# People selling seeds on Ebay!!!



## MAGAtheist (Jul 12, 2021)

Would you buy seeds off eGay let alone sell them?  seems like a bad idea


----------



## leafminer (Jul 12, 2021)

Well, there's Seedbay, too. Are you sure that's not what you meant? I see no seeds for sale on Ebay.


----------



## MAGAtheist (Jul 12, 2021)

No it's def Ebay.  Seedbay still exists?  Sorry if this link don't work 








						Novelty Seeds Fire OG/Skittlez Fresh Seed Stock 5/12/21 (5 Seeds for $20)  | eBay
					

<body><p>Novelty Seeds Fire OG Skittlez Cross. Produced 5/12/21 fresh seed stock. Shipped with USPS First Class. </p></body>



					www.ebay.com
				











						Real Hemp Seeds For Eating and Planting High Germination Rate - 100pcs/lot  | eBay
					

Real Hemp Seeds For Eating and Planting. High Germination Rate - 100pcs/lot.



					www.ebay.com


----------



## ROSTERMAN (Jul 12, 2021)

MAGAtheist said:


> No it's def Ebay.  Seedbay still exists?  Sorry if this link don't work
> 
> 
> 
> ...


I would never buy seeds off ebay.....................
Or ones from CHINA


----------



## ROSTERMAN (Jul 12, 2021)

Never know what you are going to get LOL


----------



## pute (Aug 16, 2021)

@ MAGAtheist, you sure seem to like Ebay. Are you affiliated with them in any way? Reason I ask is if you are you are bordering on spam. And I know you wouldn't want to break our TOU.


----------



## Shiloh (Aug 16, 2021)

*Never, and I am longtime shopper. *


----------



## Shiloh (Aug 16, 2021)

MAGAtheist said:


> Would you buy seeds off eGay let alone sell them?  seems like a bad idea



eGay and a handgun emoji?  Do I need to absorb that? NO.


----------



## WeedHopper (Aug 16, 2021)

Never cared much for ebay. Got screwed one too many times.


----------



## Shiloh (Aug 16, 2021)

WeedHopper said:


> Never cared much for ebay. Got screwed one too many times.

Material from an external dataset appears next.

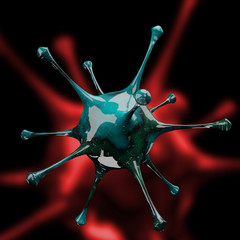 Coronavirus disease COVID-19 outbreak. Microscopic view of a infectious virus. SARS-CoV-2 virus cell. 3D Rendering,3D Illustration 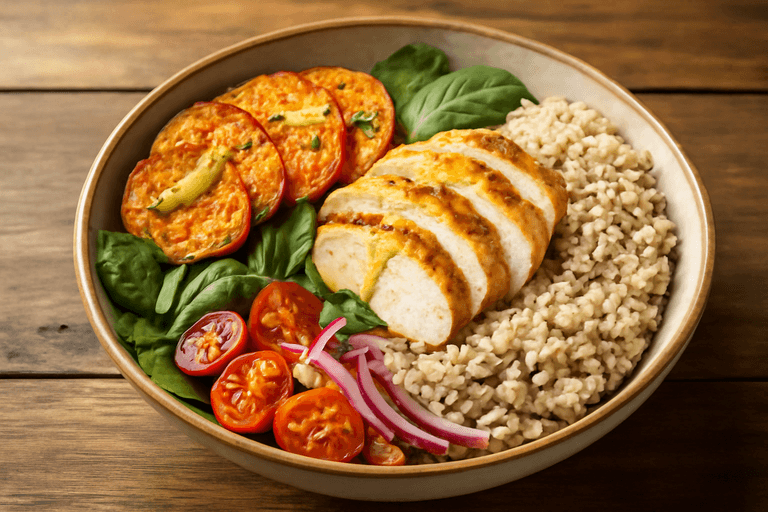 Proteinrik kyckling- och quinoa-bowl med rostad sötpotatis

My ebay thing is mostly sellers of vintage, antique, used. I am into clothing, silver, gold, jade, pearls. I buy fabulous used and vintage clothing. I study the descriptions and pics, only want the exact item depicted, ask lots of questions. Almost forgot to mention seriously good vintage leather anything!


----------



## WeedHopper (Aug 16, 2021)

Yeah i never cared for old clothes unless i had made them old.


----------



## Shiloh (Aug 16, 2021)

WeedHopper said:


> Yeah i never cared for old clothes unless i had made them old.



My look is surely different than your own. I am into exquisite fabrics, among other things.

My favorite outfit remains cutoff jeans and a chambray shirt with sleeves cut off. Leather workboots.


----------



## pute (Aug 16, 2021)

Never got a thing on Ebay.....can't remember ever going there.


----------



## Shiloh (Aug 16, 2021)

pute said:


> Never got a thing on Ebay.....can't remember ever going there.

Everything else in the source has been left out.